In On Haiku, Hiroaki Sato explores the many styles and genres of haiku on both sides of the Pacific, from the classical haiku of Basho, Issa, and Zen monks, to modern haiku about swimsuits and atomic bombs, to the haiku of famous American writers such as J. D. Salinger and Allen Ginsburg. As if conversing over beers in your favorite pub, Sato explains everything you wanted to know about the haiku in this endearing and pleasurable book, destined to be a classic in the field.
PUBLISHERS WEEKLY
In this collection of essays and talks from the past 25 years, translator and critic Sato (Snow in a Silver Bowl) exhaustively, and sometimes exhaustingly, tells all about haiku. Addressing the historical tradition, poetic form, and craft of haiku, the essays also perform close readings of specific examples, such as the celebrated 17th-century poet Matsuo Basho's frog haiku, of which Sato once collected 140 different English translations.
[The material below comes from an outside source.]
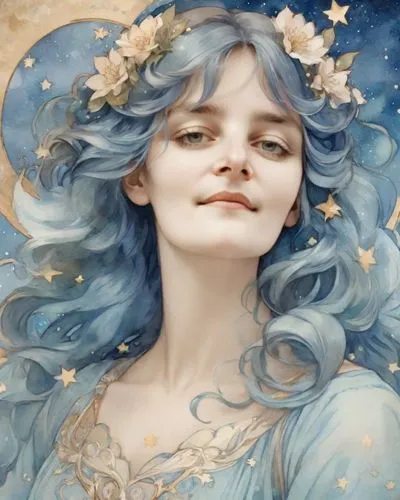 diwata,fairie,kommuna,amphitrite,mucha,hesperides,undine,faerie,fairy queen,ostara,faery,virgo,valerian,behenna,fantasy portrait,amalthea,blue moon rose,cielo,margaery,melusine,Digital Art,Watercolor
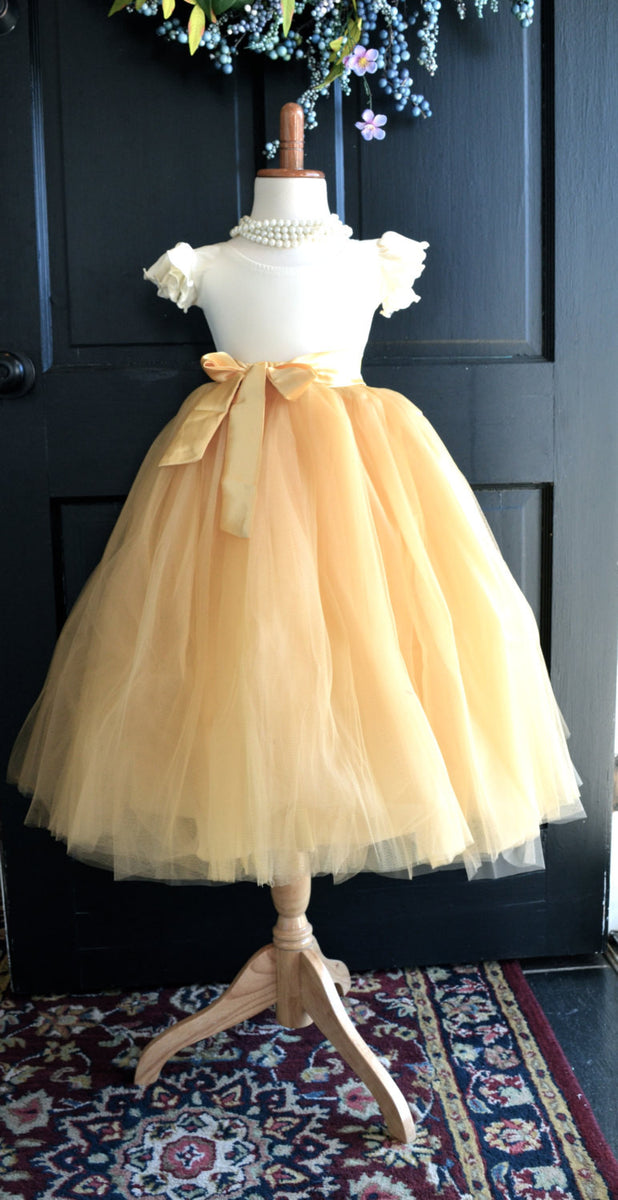 Gold hot sale tulle skirt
Roving further afield, Sato uses haiku to illuminate some of the difficulties encountered in Japanese-to-English translation (such as the absence of a Japanese equivalent to English's plural s.) At the book's most rewarding, it situates haiku as part of a larger story, explaining how the modern conception of haiku as a tiny, enigmatically philosophical poem represents a strange cropping of the original Japanese form, which served merely as the brief opening to a much longer poem composed as part of elaborate court rituals, and often incorporated humor and in-jokes. But many of the best insights are recycled across the essays, since they weren't originally written to be read in one collection, and the prose is prone to distracting tangents. Individually, the essays are fascinating, reflecting Sato's unimpeachable expertise in his subject. Unfortunately, read as a whole, they verge on the unwieldy and redundant.